“War for the Planet of the Apes” is the third film in the “Planet of the Apes” trilogy. Caesar (Andy Serkis) and the humans are entangled in a war between each other. The apes suffer great losses and Caesar strives to avenge his kind. The war pits him against Colonel (Woody Harrelson) in a battle that will determine the fate of the planet.
By his side is Maurice (Karin Konoval), an orangutan who has been Caesar’s closest friend and adviser since the beginning.
Jeremy Hsiao (JH): Where does this third film take off from?
Karin Konoval (KK): It’s about two years after where we left off in “Dawn of the Planet of the Apes.” There’s been a great deal of war and the apes have suffered a bunch of losses so it has been a very, very tough time.
JH: In the first film, Maurice was the only other ape who could talk to Caesar at the time. Maurice was a character Caesar could rely on in the beginning. Now, their planet has expanded. What role will Maurice play in the third film?
KK: They were able to connect in that sense of their relationship as Maurice being Caesar’s confidant and adviser. That relationship increases and is more significant and richer through the telling of “War for the Planet of the Apes.” Maurice’s role is number one as Caesar’s adviser and is his conscience when Maurice feels Caesar needs the voice of a conscience in his head. Maurice will challenge him upon occasion, not to go against him, but because he can feel what is best for Caesar. Maurice will do it in honor of fulfilling his role as his adviser.
JH: How did you prepare for your role as an orangutan?
KK: When I was first cast in 2010 of course I didn’t know anything about orangutans. The research was that I read every book that was written. I watched every video that I could find. The physical training with quadrupedal walking and running was a very strenuous part of the initial preparation for the role. We also had to do things like add weights to each of my arms as I [walked] along because I’m 125 pounds while Maurice is about 300. I would do weight lifting in the gym, yoga, stretching to gain orangutan flexibility, and upper arm strengthening to do climbing. The very particular quadrupedal movement I had to get into my body is different from chimps and gorillas. I also had to find Maurice’s psychological and emotional integrity as a mature male orangutan. I had to teach myself how to long call, bringing orangutan vocalization into my voice. It has been a lot of different fronts over the years.
JH: When did you begin preparations?
KK: I backed up my preparation before I knew the third film was coming. I knew exactly what would be required so I started four or five months before filming. I started workouts in the gym, long distance cycling and flexibility stretching. I would say by the time we were a month out, I was in the gym every day for about an hour and a half, and cycling a hundred kilometers a week. I was moving slowly and consistently towards being able to maintain the cardio that’s required for quadrupending and to maintain that over a six-month shoot in extraordinarily difficult weather conditions.
JH: How was your experience working with the performance capture technology to bring your character to life?

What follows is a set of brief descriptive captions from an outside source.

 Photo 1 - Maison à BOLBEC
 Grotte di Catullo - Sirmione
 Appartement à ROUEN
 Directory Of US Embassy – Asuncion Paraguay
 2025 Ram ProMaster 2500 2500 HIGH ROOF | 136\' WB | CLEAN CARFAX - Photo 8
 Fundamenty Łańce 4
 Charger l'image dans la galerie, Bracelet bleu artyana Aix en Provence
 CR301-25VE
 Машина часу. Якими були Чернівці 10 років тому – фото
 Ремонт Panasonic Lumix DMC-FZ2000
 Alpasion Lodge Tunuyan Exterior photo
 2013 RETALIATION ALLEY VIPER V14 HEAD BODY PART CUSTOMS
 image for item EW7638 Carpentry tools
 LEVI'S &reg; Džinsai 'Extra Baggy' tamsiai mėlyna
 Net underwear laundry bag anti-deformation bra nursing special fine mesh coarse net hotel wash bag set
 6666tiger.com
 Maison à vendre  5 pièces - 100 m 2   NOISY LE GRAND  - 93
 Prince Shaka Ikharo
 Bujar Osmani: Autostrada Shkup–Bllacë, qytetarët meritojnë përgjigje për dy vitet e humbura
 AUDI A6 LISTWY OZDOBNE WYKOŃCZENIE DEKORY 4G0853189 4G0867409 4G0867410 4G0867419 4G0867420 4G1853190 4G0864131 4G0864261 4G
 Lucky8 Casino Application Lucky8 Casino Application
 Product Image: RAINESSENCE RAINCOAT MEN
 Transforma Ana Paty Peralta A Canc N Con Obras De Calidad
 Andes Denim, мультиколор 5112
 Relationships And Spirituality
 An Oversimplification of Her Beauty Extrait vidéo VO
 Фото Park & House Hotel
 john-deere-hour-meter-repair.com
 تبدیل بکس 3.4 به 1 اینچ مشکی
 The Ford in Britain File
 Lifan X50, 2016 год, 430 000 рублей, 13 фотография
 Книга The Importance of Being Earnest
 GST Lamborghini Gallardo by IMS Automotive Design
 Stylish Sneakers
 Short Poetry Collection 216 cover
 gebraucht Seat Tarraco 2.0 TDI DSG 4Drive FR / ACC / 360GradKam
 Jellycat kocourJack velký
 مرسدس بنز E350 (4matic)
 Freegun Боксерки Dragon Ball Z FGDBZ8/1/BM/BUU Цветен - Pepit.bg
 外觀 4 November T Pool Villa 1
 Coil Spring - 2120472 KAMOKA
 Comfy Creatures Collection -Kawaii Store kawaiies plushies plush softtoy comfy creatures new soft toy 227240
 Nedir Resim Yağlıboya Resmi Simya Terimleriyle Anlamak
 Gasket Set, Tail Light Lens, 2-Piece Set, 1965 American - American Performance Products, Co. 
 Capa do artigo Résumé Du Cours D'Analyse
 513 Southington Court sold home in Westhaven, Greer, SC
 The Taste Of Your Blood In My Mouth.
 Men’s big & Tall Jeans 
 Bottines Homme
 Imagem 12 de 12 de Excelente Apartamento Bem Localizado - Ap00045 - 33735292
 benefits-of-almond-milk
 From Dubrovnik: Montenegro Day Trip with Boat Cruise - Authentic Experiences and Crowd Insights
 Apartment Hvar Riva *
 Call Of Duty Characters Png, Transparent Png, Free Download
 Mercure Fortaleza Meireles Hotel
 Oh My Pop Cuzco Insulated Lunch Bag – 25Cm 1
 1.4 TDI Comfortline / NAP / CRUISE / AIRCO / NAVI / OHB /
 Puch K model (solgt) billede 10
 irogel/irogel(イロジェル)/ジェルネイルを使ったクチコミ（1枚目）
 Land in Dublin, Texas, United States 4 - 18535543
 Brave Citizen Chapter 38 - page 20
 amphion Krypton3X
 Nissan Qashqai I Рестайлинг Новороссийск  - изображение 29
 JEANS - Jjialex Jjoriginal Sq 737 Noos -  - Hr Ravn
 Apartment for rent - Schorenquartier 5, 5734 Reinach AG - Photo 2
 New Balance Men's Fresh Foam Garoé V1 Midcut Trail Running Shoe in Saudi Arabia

KK: The technology is the technology. So it’s something I have to wear as an actor: the grey suit, the helmet with the camera, and the wires all over my body. But my job doesn’t change: it is to play Maurice, in his physicality and psychology, the integrity of his character, and thoughts and actions. The technology is not really something I feel like I have to work with in any way. My challenge as an actor is to portray the mature male orangutan that is Maurice. There’s nothing different I have to do working with this technology than I would for any other role. It’s the role itself that’s challenging. The technology captures every part of my performance so I have to have more refined integrity to my performance. It is very freeing and allows the actor to do anything, but the actor has to do it. It’s not like it can be made up later.
JH: Were there any challenges in filming?
KK: One of the things I loved the most in the very first part of preparation was the training for horse back riding. The month I spent training at the ranch, with Navarone, a Dutch Fresian stallion that I rode in the film, was amazing. That was particularly challenging for me because I do not have horsemanship. I found that challenging but also absolutely magical. It was one of the most wonderful gifts of this film, to spend the time learning to be relatively proficient on horseback with Navarone under Danny Virtue’s guidance.
JH: Do you have any advice for others in the entertainment industry?
KK: You’ve got to love what you’re doing. If you love the story telling and you feel like it’s absolutely the thing you have to do, then it’s going to work out somehow, no matter what. If you’re heading for it for fame, fortune, or any other reason than the desire to tell a good story and be part of that and give yourself to it fully, then I don’t think you’re going to find much meat on the bones. If you really love being an actor, love the story telling and are willing to move through whatever [happens], then there will be a place for you. Trust in that.